Pouvoirs
«Je suis victime de discrimination raciale»
Que puis-je faire lorsque dans un entretien de recrutement je suis victime de discrimination raciale ? En fait, j’ai été rejeté parce que le recruteur, qui n’est autre que le directeur général de la société qui devait me recruter, m’a dit exactement : «Je n’apprécie pas de travailler avec des Africains». Il voulait dire un Subsaharien, car lui aussi il est africain puisque le Maroc se situe dans le continent africain.
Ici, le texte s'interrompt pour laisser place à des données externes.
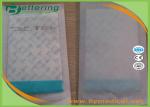 Disposable adhesive transparent PU Surgical film surgical incise drape operation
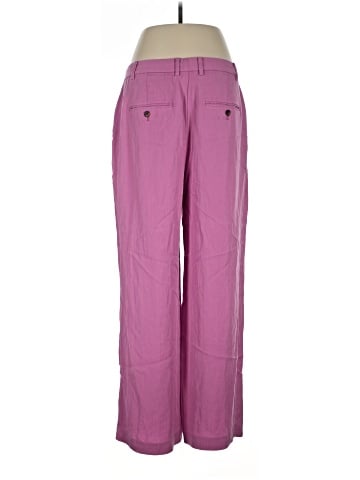 Ann Taylor Casual Pants (view 2)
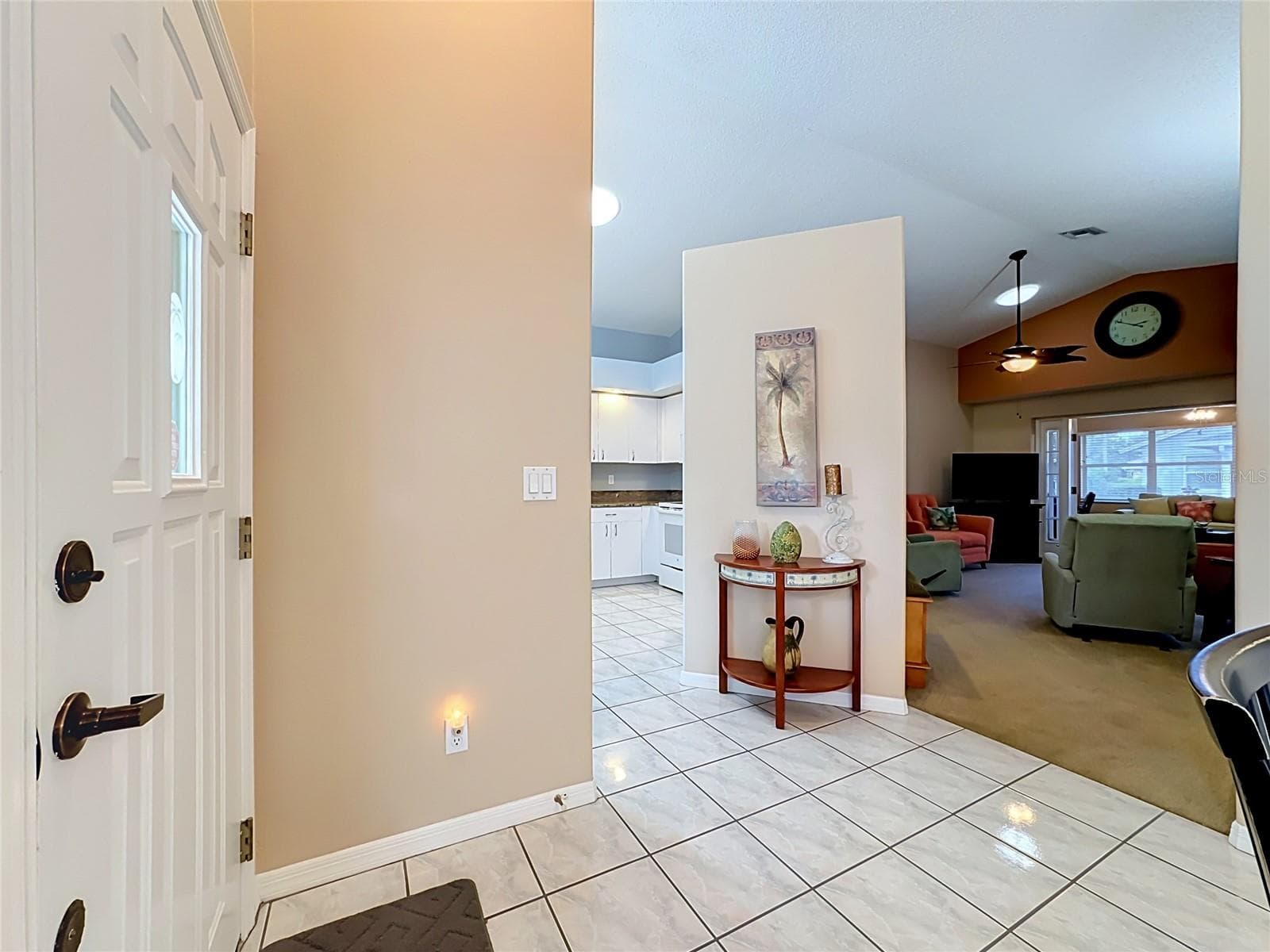 Single Family Residence at 4547 FERN DR, BRADENTON, photo 8 of 48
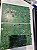 Placa Principal Philips 46pfl6615d Cod 310431364173 - Imagem 3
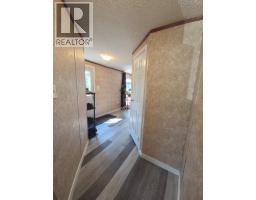 5277 45 Street Se, Chetwynd, BC V0C1J0 Photo 16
Est-ce que j’ai le droit de déposer plainte contre lui pour discrimination ?

Tout d’abord, la Constitution marocaine interdit toute incitation à la haine et à la discrimination dans l’avant-dernier alinéa de l’article 23. Le code pénal dans ses articles 431-1 et 431-2 interdit et punit même toute personne qui se rend coupable d’un acte de discrimination.
En effet, selon ces articles, «Constitue une discrimination toute distinction opérée entre les personnes physiques à raison de l’origine nationale ou sociale, de la couleur, du sexe, de la situation de famille, de l’état de santé, du handicap, de l’opinion politique, de l’appartenance syndicale, de l’appartenance ou de la non-appartenance, vraie ou supposée, à une ethnie, une nation, une race ou une religion déterminée».
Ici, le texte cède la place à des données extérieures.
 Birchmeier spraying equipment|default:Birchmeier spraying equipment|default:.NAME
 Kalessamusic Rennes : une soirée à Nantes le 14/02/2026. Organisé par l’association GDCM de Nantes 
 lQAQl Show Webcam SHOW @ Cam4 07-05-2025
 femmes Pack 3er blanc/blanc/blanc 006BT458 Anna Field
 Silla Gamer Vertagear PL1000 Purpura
Cette infraction est passible d’un emprisonnement d’un mois à deux ans et d’une amende de mille deux cent à cinquante mille dirhams, lorsqu’elle consiste à :
• refuser la fourniture d’un bien ou d’un service ;
• entraver l’exercice normal d’une activité économique quelconque;
• refuser d’embaucher (c’est votre cas), à sanctionner ou à licencier une personne.
Par ailleurs, les articles 9, 36 et 478 du code de travail interdisent également la discrimination dans le domaine du recrutement.
Cependant, le problème qui se pose est bel et bien celui de la preuve, comment prouver que vous avez été victime de discrimination, et que si vous n’avez pas été recruté, c’est peut-être à cause de votre profil ou vos compétences, etc. ?
Comme toute infraction, la discrimination est un délit pénal qui nécessite le dépôt d’une plainte pour que la procédure d’instruction soit déclenchée par le procureur du Roi, qui peut éventuellement donner des directives à la police judiciaire pour vous convoquer aux fins de confirmer votre plainte, puis l’éventuel employeur qui vous a fait l’entretien de recrutement et qui a priori a commis, selon votre déclaration, un délit de discrimination qui consiste à refuser de vous recruter pour motif de votre race ou votre couleur.
Il est tout à fait envisageable que cet employeur niera vous avoir refusé pour ces motifs sus-cités, et soulever un autre motif comme votre formation, votre expérience ou autres, auquel cas vous devriez établir qu’il a commis effectivement le délit de discrimination.
Vous ne disposez pas de témoins, il n’y a pas eu non plus de flagrance, c’est-à-dire le délit n’a pas été commis devant un officier. Il vous reste éventuellement son aveu ou un enregistrement dont la probance juridique resterait soumise au pouvoir discrétionnaire du juge.
Si le procureur est convaincu de l’efficience de votre preuve, il pourra décider des poursuites pénales et transmettre le dossier au juge de fond.